It was hard to narrow the list down to 5 books this year. So, I thought I’d share my top 4 and a collection of books that share 5th place.
1) Debt by David Graeber (Amazon): An anthropological dive into 5,000 years of human history from the lens of debt. I wrote an ode to the book recently – so, I will minimize repetition. In sum, this is a special book thanks to the audacity of what it attempts and the elegance with which it delivers it.
2) Range by David Epstein (Amazon): An important read because it is an antidote to the “start early and specialize as quickly as possible” advice that is often peddled. While it might appear that David Epstein is against the notion of deliberate practice and specialization, I didn’t take it as such. Instead, his push is for us to appreciate breadth and the meandering path we might take to figure out what we want to specialize in. He makes the case (repeatedly – my only quibble with the book) that the meandering path gives us the range to make the specialization count.
3) The Socrates Express by Eric Weiner (Amazon): If you haven’t read much philosophy and are curious about great philosophers and their schools of thought, this is the book for you. Eric brings together a witty travelogue, stories about the lives of great philosophers, a summary of their work, and insights about his attempts at applying their lessons. It made philosophy accessible – thank you, Eric!
4) The Ride of a Lifetime by Bob Iger (Amazon): This book is to corporate leaders what Shoe Dog is to sports entrepreneurs and The Hard Things About Hard Things is to tech entrepreneurs. Surprisingly candid, incisive, and insightful. A phenomenal read – the sort of book that should be mandatory reading in every graduate school of business.
I had a collection of books that all made it to 5th place.

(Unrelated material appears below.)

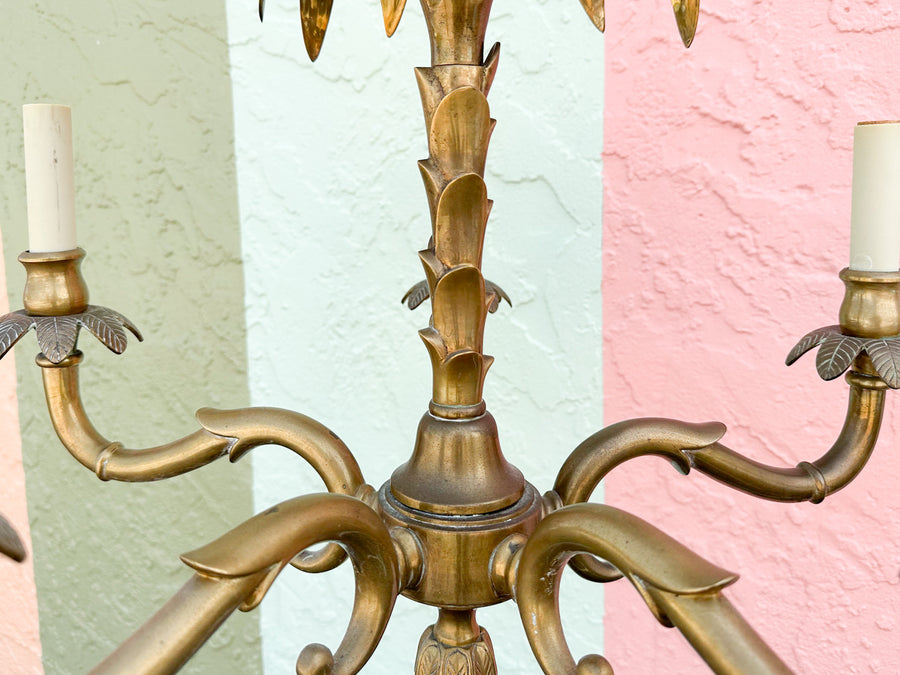 Fab Brass Palm Frond Chandelier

The Psychology of Money by Morgan Housel (Amazon) was an insightful take on how to think about thinking about money.
Upstream by Dan Heath (Amazon) tackles an important subject – how to solve problems before they happen.
Reboot by Jerry Colonna (Amazon) is a book built on the idea that “better humans make better leaders.” Jerry notes on leadership, insecurities, and love make for a beautiful read.
Several short sentences about Writing by Verlyn Klinkenborg (Amazon) is a masterpiece on writing. It also packs plenty of wisdom about skills, practice, and life.
Becoming by Michelle Obama (Amazon) – I was curious about Michelle Obama’s memoir thanks to her grace and charisma in her speeches and interviews. This was a fun narration of the Obama story from her perspective.